TASK ITEM:
For each entry, output its words exactly and leave any picture behind.

AVAILABLE DATA:
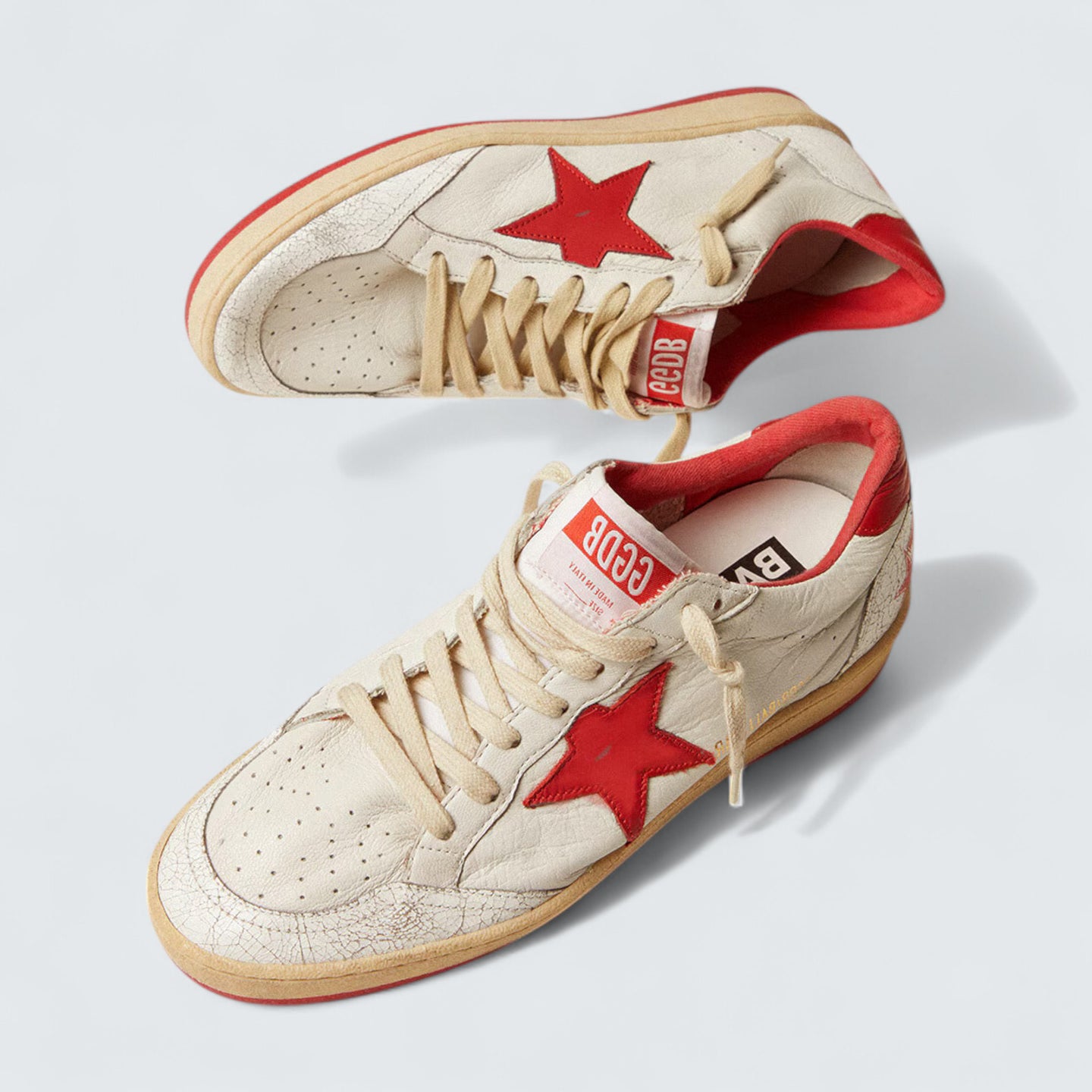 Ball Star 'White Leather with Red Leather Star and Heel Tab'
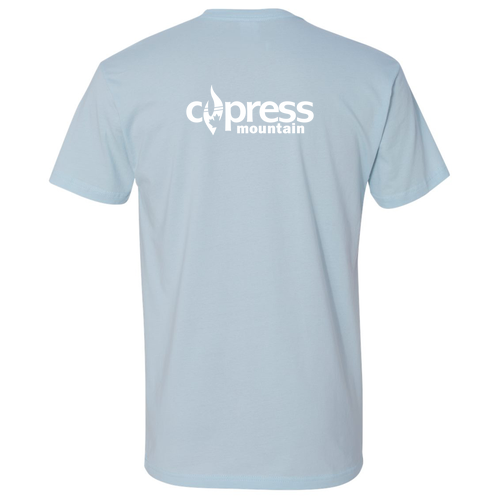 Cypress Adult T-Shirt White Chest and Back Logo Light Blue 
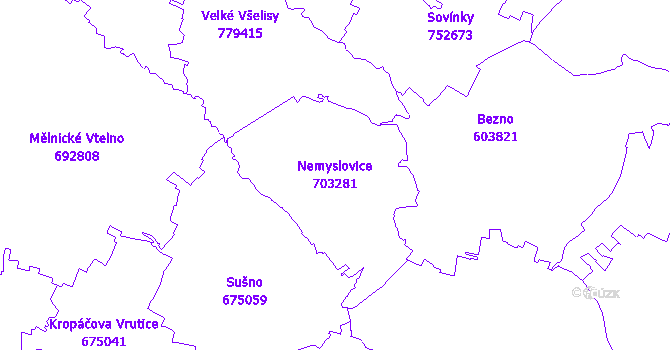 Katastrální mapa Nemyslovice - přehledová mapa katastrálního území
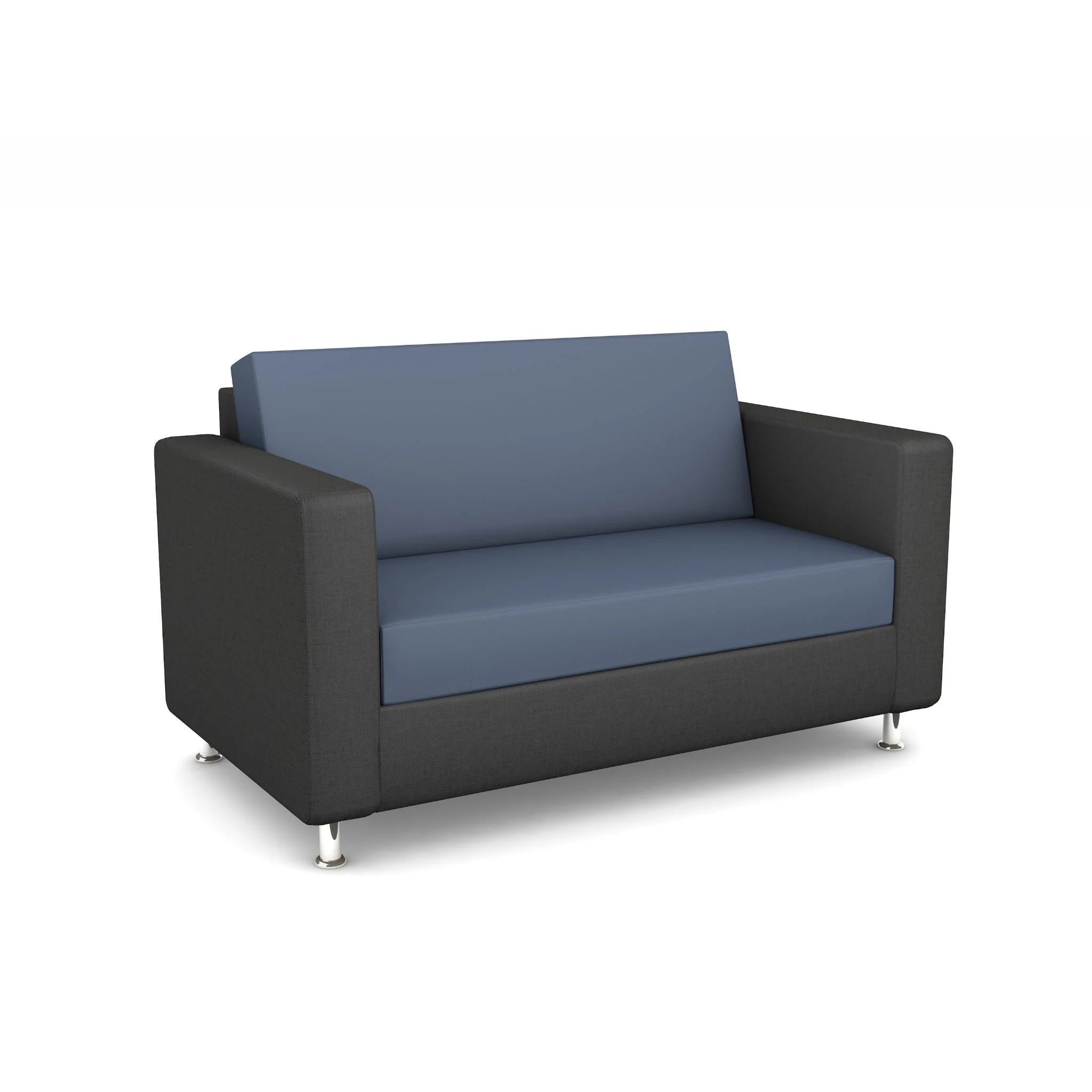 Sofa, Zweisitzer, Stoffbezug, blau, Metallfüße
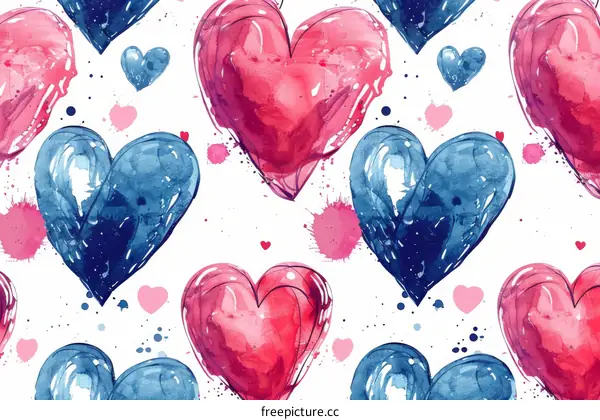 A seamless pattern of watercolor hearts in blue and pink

RESULT OF THIS EXERCISE:
 Ball Star 'White Leather with Red Leather Star and Heel Tab'
 Cypress Adult T-Shirt White Chest and Back Logo Light Blue 
 Katastrální mapa Nemyslovice - přehledová mapa katastrálního území
 Sofa, Zweisitzer, Stoffbezug, blau, Metallfüße
 A seamless pattern of watercolor hearts in blue and pink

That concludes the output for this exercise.